■ INSTRUCTIONS FOR THE TASK: Could you write out exactly, and only, the lines from the one containing "Чохол Silicone Case" through the last line of the data, leaving out all pictures?

■ DATA TO PROCESS:
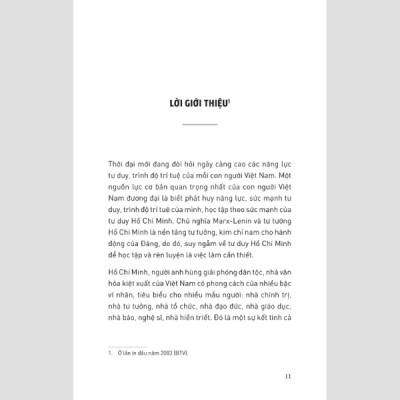 Di Sản Hồ Chí Minh - Sức Mạnh Tư Duy Hồ Chí Minh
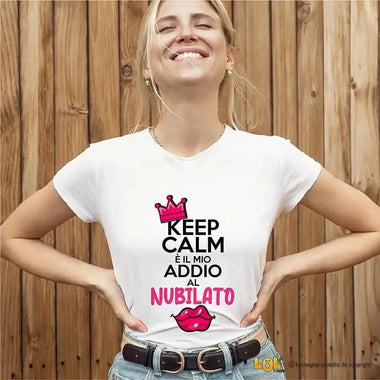 T-shirt Donna Kit Addio al Nubilato "Keep Calm" - Idea Regalo per la Sposa T-shirt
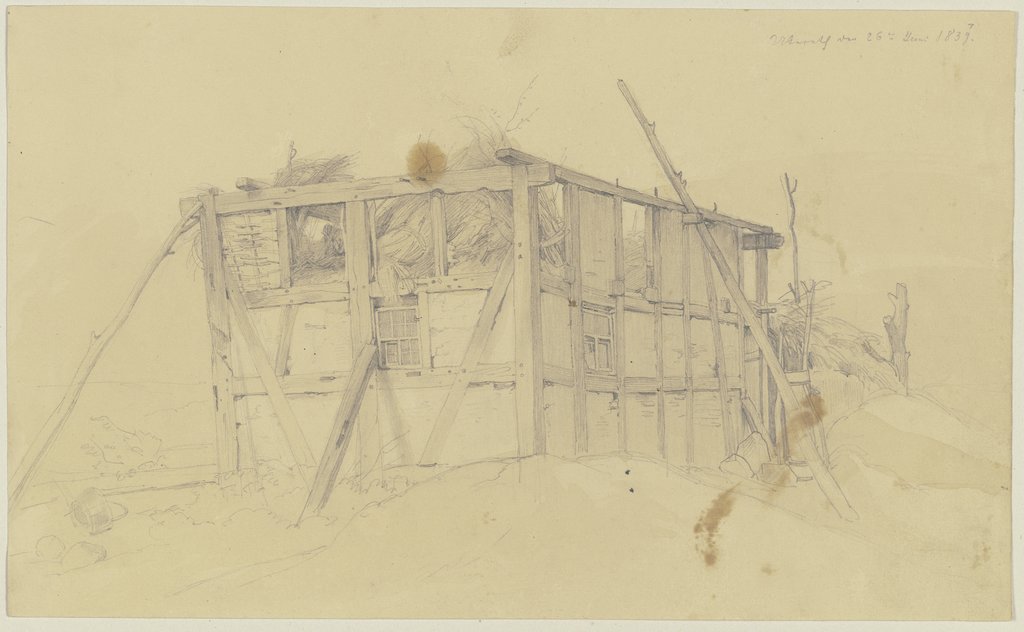 Barn in ruins, Jakob Becker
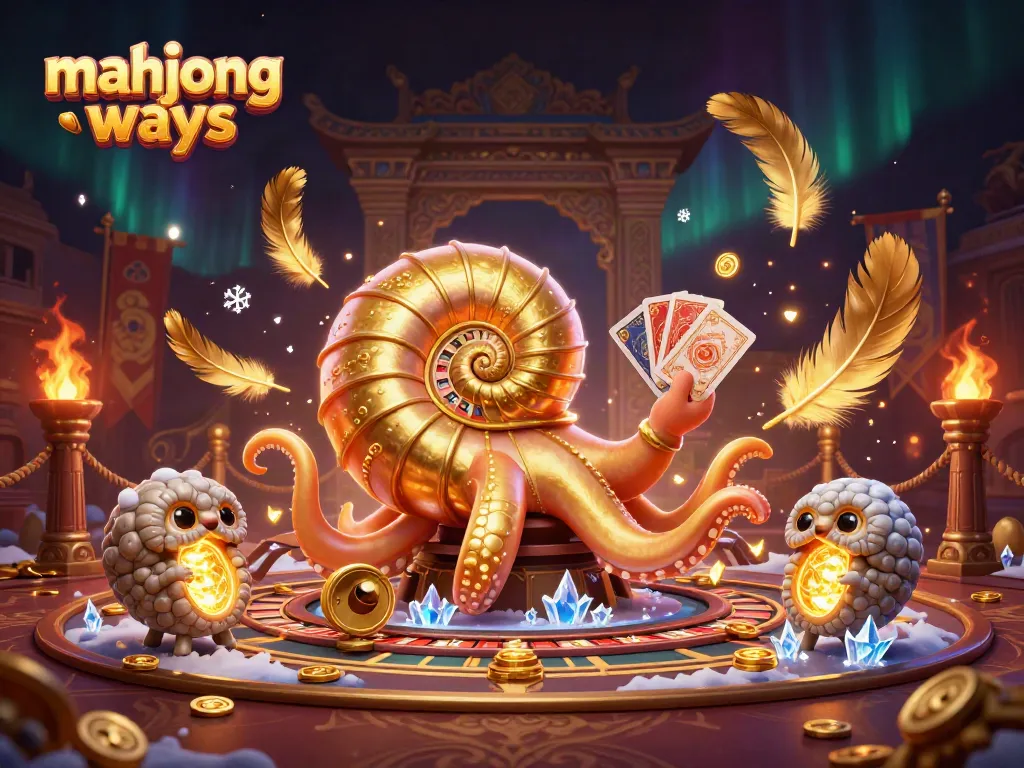 Engage in the captivating game Mahjong Ways with this vibrant 3D illustration showcasing a gaming scene.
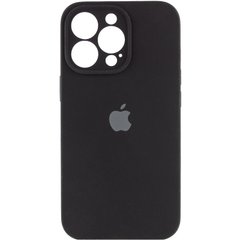 Чохол Silicone Case Full Camera Protective (AA) для Apple iPhone 13 Pro (6.1") Чорний / Black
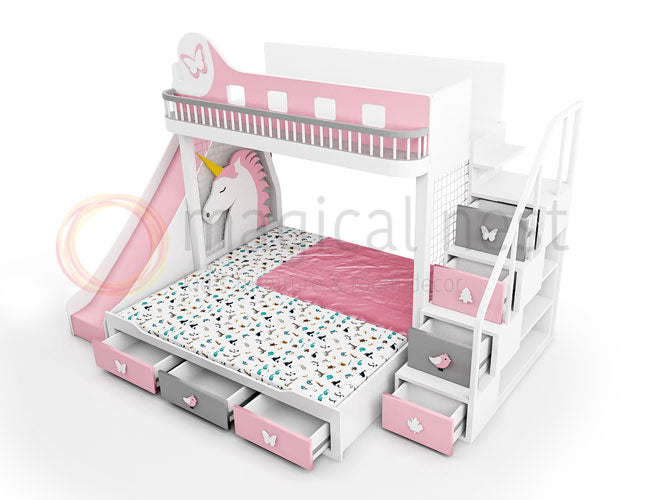 Pinkovia Princessa Bunk Bed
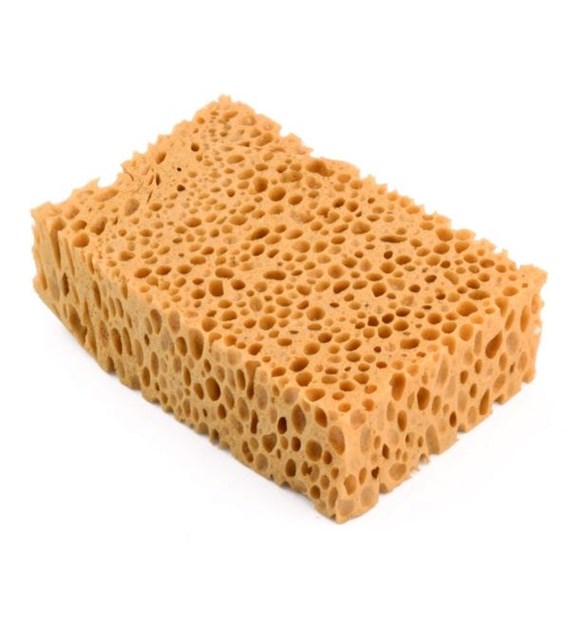 Gąbka glazurnicza brązowa, porowata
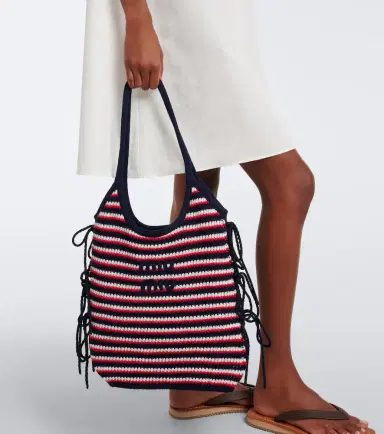 Miu Miu Ivy crochet striped shopper | Thumbnail 5 Miu Miu Ivy crochet striped shopper | Thumbnail 5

■ WRITTEN RESPONSE:
 Чохол Silicone Case Full Camera Protective (AA) для Apple iPhone 13 Pro (6.1") Чорний / Black
 Pinkovia Princessa Bunk Bed
 Gąbka glazurnicza brązowa, porowata
 Miu Miu Ivy crochet striped shopper | Thumbnail 5 Miu Miu Ivy crochet striped shopper | Thumbnail 5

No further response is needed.